Een satanisch genoegen

recensie: Janneke van der Horst - Ik weet hoe jongens huilen

Een soldaat die viool speelt op het naaktstrand, een oude man die wekelijks de trein mist naar zijn geliefde in Parijs en een jonge vrouw die op zoek gaat naar haar halfbroer en voor zijn charmes valt. In Ik weet hoe jongens huilen, het debuut van Janneke van der Horst, worden jonge mensen ingehaald door hun eigen melancholie.

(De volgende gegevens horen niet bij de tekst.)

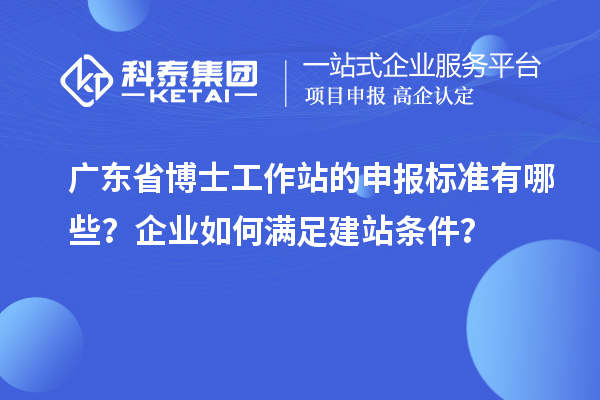广东省博士工作站的申报标准有哪些？企业如何满足建站条件？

In een interview op de website van haar uitgever vertelde Van der Horst ‘een satanisch genoegen te beleven’ jongens aan het huilen te brengen. ‘Een kort moment van trots, hierna volgt de pijn van iemand pijn te doen’, aldus de vijfentwintigjarige schrijfster. De titel van haar verhalenbundel drukt deze combinatie van trots en treurigheid uit, de verhalen zelf zijn een stilistische combinatie van humor en realisme die bij de lezer een lach teweegbrengt en tegelijkertijd de ziel raakt.

Parijs

De ik-figuren zijn jonge mensen die grotendeels afkomstig zijn uit kleine dorpen en families met verborgen geheimen. In een van de verhalen vertelt een man enkele wachtende toehoorders op een dorpsperron over zijn aanstaande reis naar zijn grote liefde in Parijs. Hij sleept hen mee in zijn amoureuze verlangen. ‘Deze liefde was anders dan die van de jongens uit het dorp. En zeker anders dan die van mijn ouders.’ De hoofdpersoon, Lukas, vergeet even de troosteloosheid van zijn supermarktbaan. ‘Ik overwoog om met hem mee te reizen. Misschien had ze een dochter.’

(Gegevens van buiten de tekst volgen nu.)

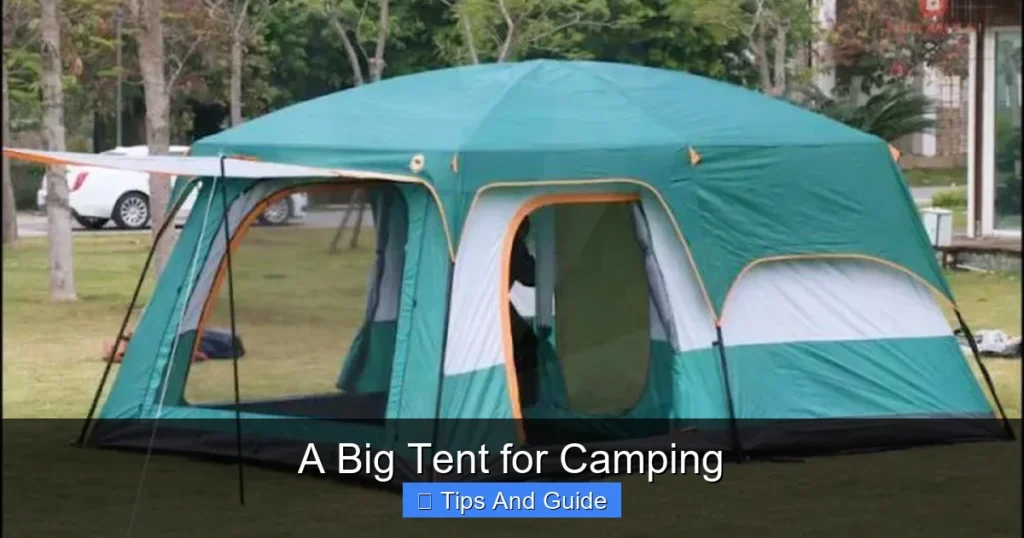 A Big Tent for Camping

De rode draad in deze bundel is melancholie, wat zowel in stijl als in inhoud tot uitdrukking komt. De conductrice rukt Lukas terug in de realiteit:

‘Dag meneer van Woerden, bent u weer op weg naar Parijs? Komt u de trein in? Ze zwaaide naar de man en knipoogde naar de meisjes. ‘Ik… eh, ik ben volgens mij mijn paspoort vergeten.’ ‘Dat geeft toch niet! Dan probeert u het over een paar dagen toch weer?’ Haar toon was als een zuster die tegen een hardhorende patiënt praat. We negeerden haar, bleven naar de man kijken en hoopten dat hij zijn koffer zou pakken en richting de trein zou lopen. Richting Océane met haar zwarte krullen en haar voet die een massage nodig had.

Zoals vaker in de bundel speelt Van der Horst hier met hoop en desillusie. Lukas en de meisjes op het perron werden door de onbekende man en zijn verhaal meegevoerd in een verlangen naar het exotische, om gedesillusioneerd achtergelaten te worden als de man zijn trein niet neemt.

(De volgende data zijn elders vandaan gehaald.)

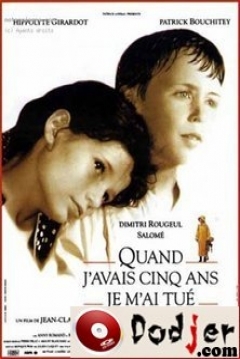 Poster Quand j'avais 5 ans je m'ai tué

Van der Horst deed schrijfervaring op als redacteur voor het studententijdschrift Propria Cures en schreef voor HP/De tijd, Het Parool en NRC Handelsblad. Haar journalistieke achtergrond vertaalt zich in een jeugdige en meeslepende stijl waarin de kunst van het weglaten niet wordt geschuwd. Zo weet de schrijfster een anekdote over een dikke jongen in het zwembad tot een beschrijving van de gevoelens van de hoofdpersoon te maken.

Columns

Het studentenleven komt met grote regelmaat voorbij. ‘Fiola en ik hebben namelijk één heilige regel in ons huishouden en dat is dat we nooit verantwoordelijk zijn voor de scharrels van een ander. Daar zou ik ook niet aan kunnen beginnen. Fiola gaat makkelijker op haar rug liggen dan Luis Suárez.’

Toch biedt Ik weet waarom jongens huilen meer dan Beau’s handboek voor studenten. De pijnlijke realiteit van het dagelijks leven wordt fraai uitgedrukt in directe taal. Er schuilt een waarheid in de op de achterflap geponeerde vergelijking met Manon Uphoff: het is absurd realistische fictie. De nuchterheid waarmee ze de angst en schaamte van haar personages beschrijft, getuigen van scherpte. Wel heeft haar boek een dergelijk tempo dat een literaire verdieping verloren gaat. Door scherpe oneliners en korte zinnen blijven de verhalen veel weg hebben van columns.